PENGARUH HARGA PASAR DAN BIAYA PRODUKSI TERHADAP LABA KOTOR DENGAN VOLUME PENJUALAN SEBAGAI VARIABEL MODERATING, PADA USAHA PETERNAKAN AYAM BROILER PT. DINAMIKA MEGATAMA CITRA CABANG MOJOKERTO
This research is an empirical study on broiler chicken farm in Nganjuk District Area, aims to prove the influence of market prices and production costs on gross profit, and proven the sales volume contribution to strengthening of the direct effect. Through such evidence will be seen also the direction and big influence on gross profit partially or simultaneously and directly or strengthened by sales volume. Changes in production costs will likely be in the opposite direction to the change in gross profit, but how the direction changes in the market price of the gross profit? As well as at what the level of the sales volume will be obtained an optimum gross profit. The things that must be answered and be a long-term goal of this research.

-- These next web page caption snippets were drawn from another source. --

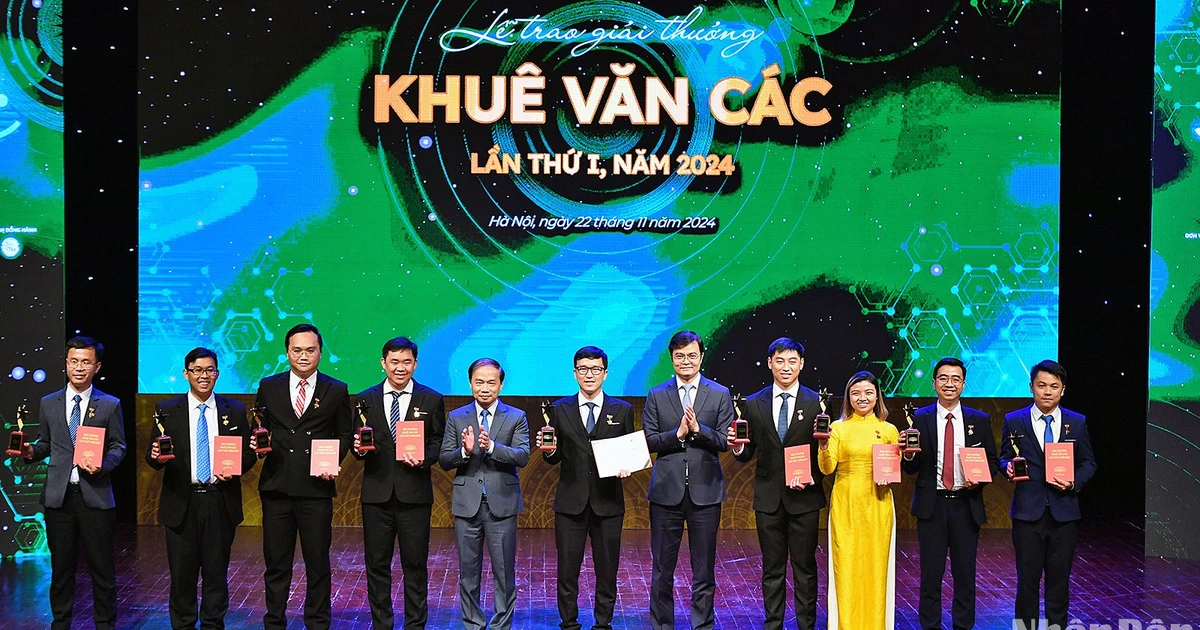 Lần đầu tuyên dương các gương mặt trẻ lĩnh vực khoa học xã hội và nhân văn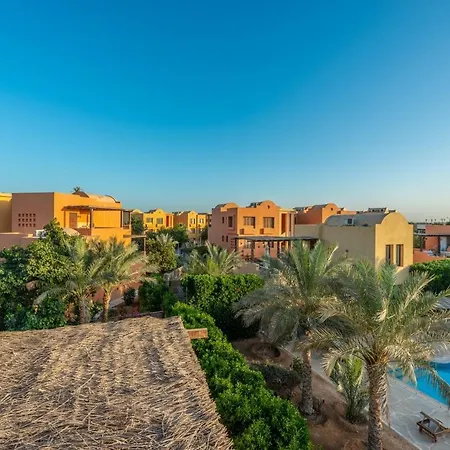 Beautiful Cosy 3 Bedroom Townhouse In South Marina-2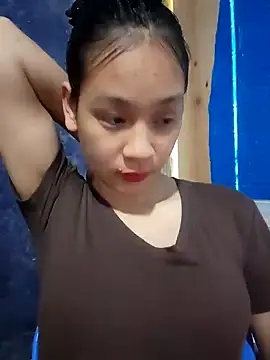 Snapshot of -Hicici- chatting on May 2026 01:02:04 AM -Hicici- online show from May 2026 01:02:04 AM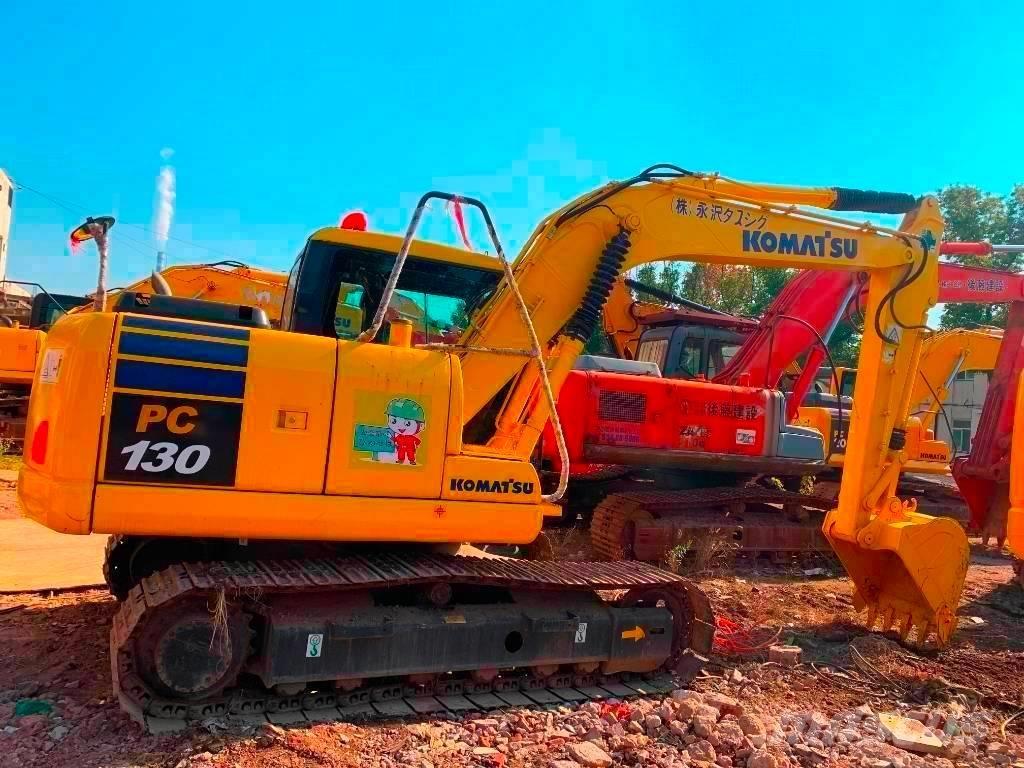 Komatsu PC 130 حفارات زحافة
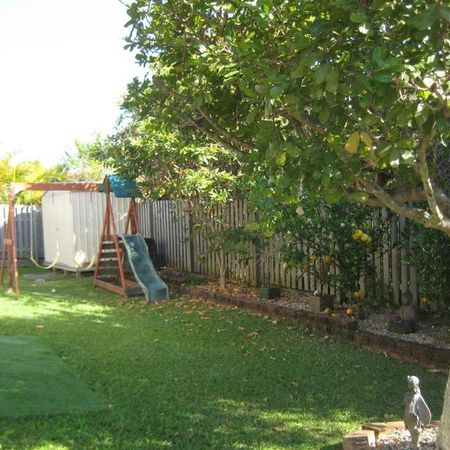 Family Home in Prime Location! - Photo 3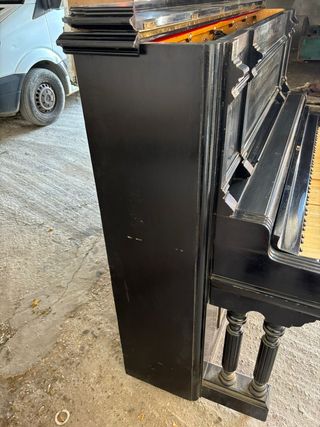 Piano Nogar Siglo XVIII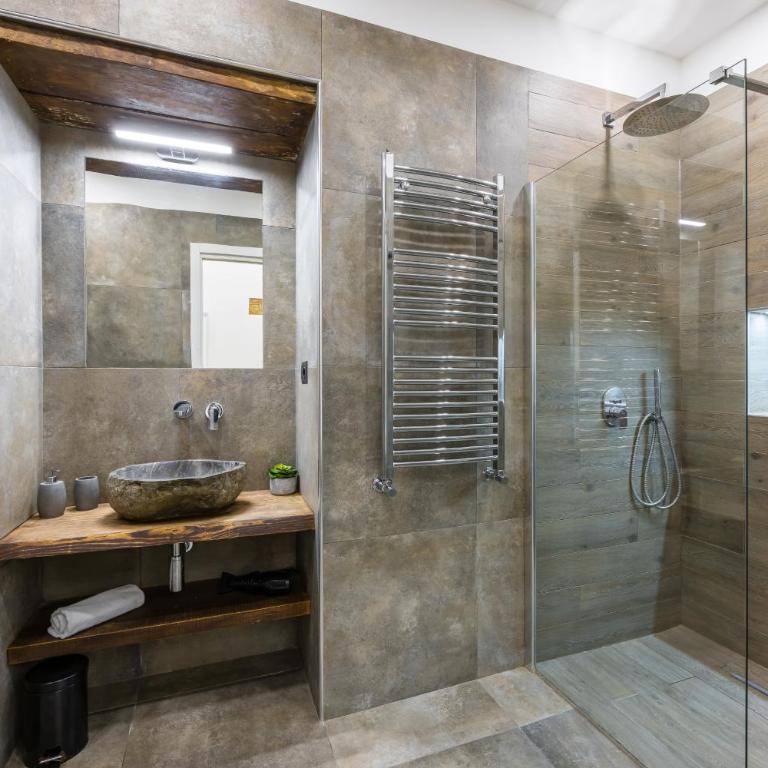 Industrial Apartment 2 Camere 2 Bagni Palazzo Mormando Napoli Centro Storico - Appartamento con 2 Camere da Letto e Balcone - 24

By knowing the direction and magnitude of the effect of market prices and production costs on gross profit that matched the volume of sales, either partially or simultaneously, is expected to provide greater benefits for company management in making strategic decisions. This study is the beginning of an effort to find harmony between the market price, the cost of production and sales volume, which results in optimal profit. To find the harmony of market prices, production costs and the sales volume, the necessary follow-up studies found an optimal contribution in generating profits.
The material of the study include the gross profit is affected by the market price and production costs to match the volume of sales. The data analyzed in this study is quantitative data obtained through documentation study and interviews. Samples were taken based on each harvest five times each year, for three years, as many as five breeder.
Findings from this study indicate that: (1) In order to avoid a negative effect on profits, management efforts to increase the prices, costs of production and sales volume, must be of equal value; (2) The sales volume can moderate the effect of production costs on gross profit, but can not moderate influence on the market price of the gross profit.